- Supplied entries

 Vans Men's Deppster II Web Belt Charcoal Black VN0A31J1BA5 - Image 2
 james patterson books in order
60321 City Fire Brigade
==
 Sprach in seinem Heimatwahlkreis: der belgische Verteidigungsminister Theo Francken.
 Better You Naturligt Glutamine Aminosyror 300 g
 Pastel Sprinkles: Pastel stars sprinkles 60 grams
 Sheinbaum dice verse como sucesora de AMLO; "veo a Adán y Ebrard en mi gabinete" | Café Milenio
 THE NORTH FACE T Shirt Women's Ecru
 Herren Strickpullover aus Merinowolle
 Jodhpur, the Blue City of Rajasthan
...
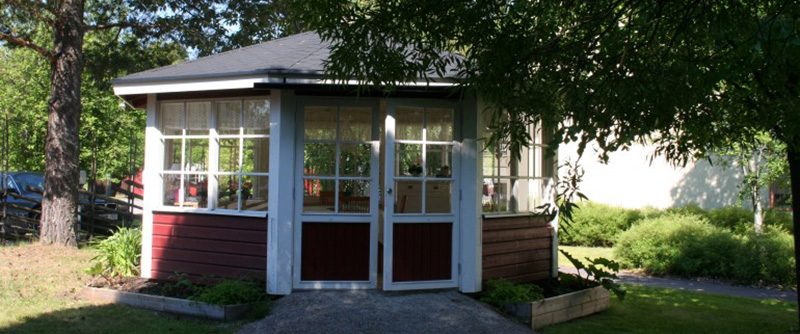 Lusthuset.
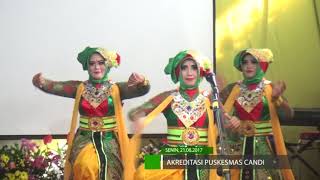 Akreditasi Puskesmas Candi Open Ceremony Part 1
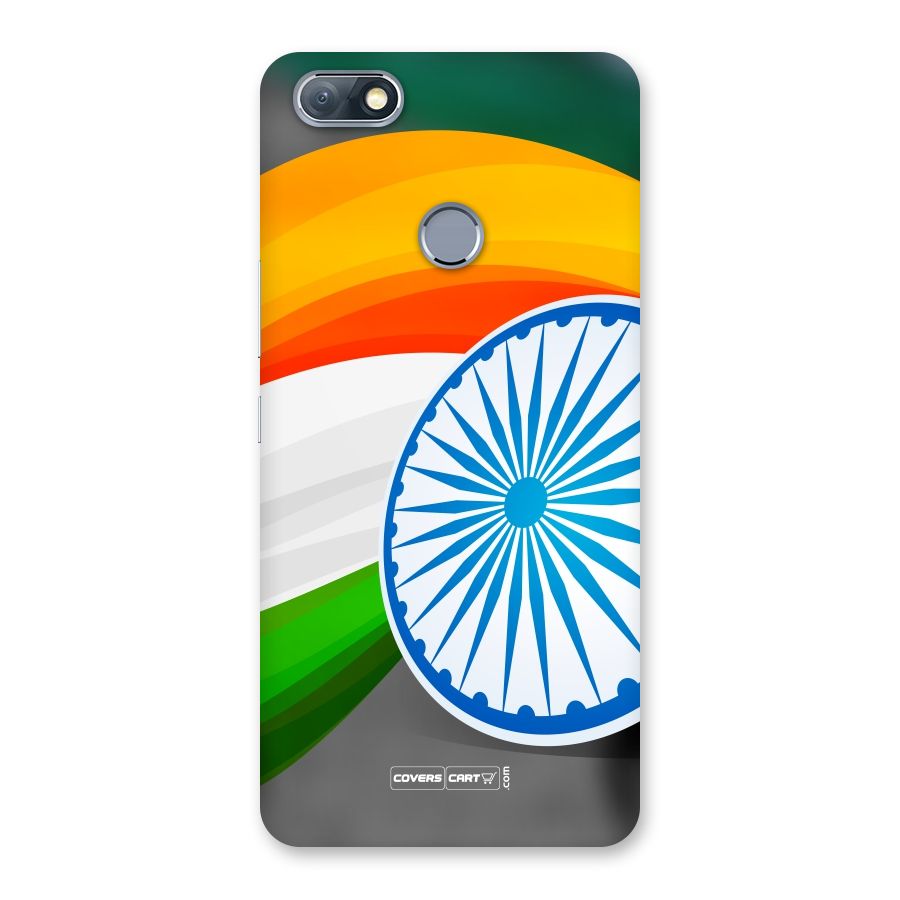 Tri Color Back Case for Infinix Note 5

- What is being asked
All lines above from the one holding "Pastel Sprinkles: Pastel" to the one holding "Jodhpur, the Blue City of Rajasthan", inclusive, are to be copied exactly; no other line is wanted.

- Written response
 Pastel Sprinkles: Pastel stars sprinkles 60 grams
 Sheinbaum dice verse como sucesora de AMLO; "veo a Adán y Ebrard en mi gabinete" | Café Milenio
 THE NORTH FACE T Shirt Women's Ecru
 Herren Strickpullover aus Merinowolle
 Jodhpur, the Blue City of Rajasthan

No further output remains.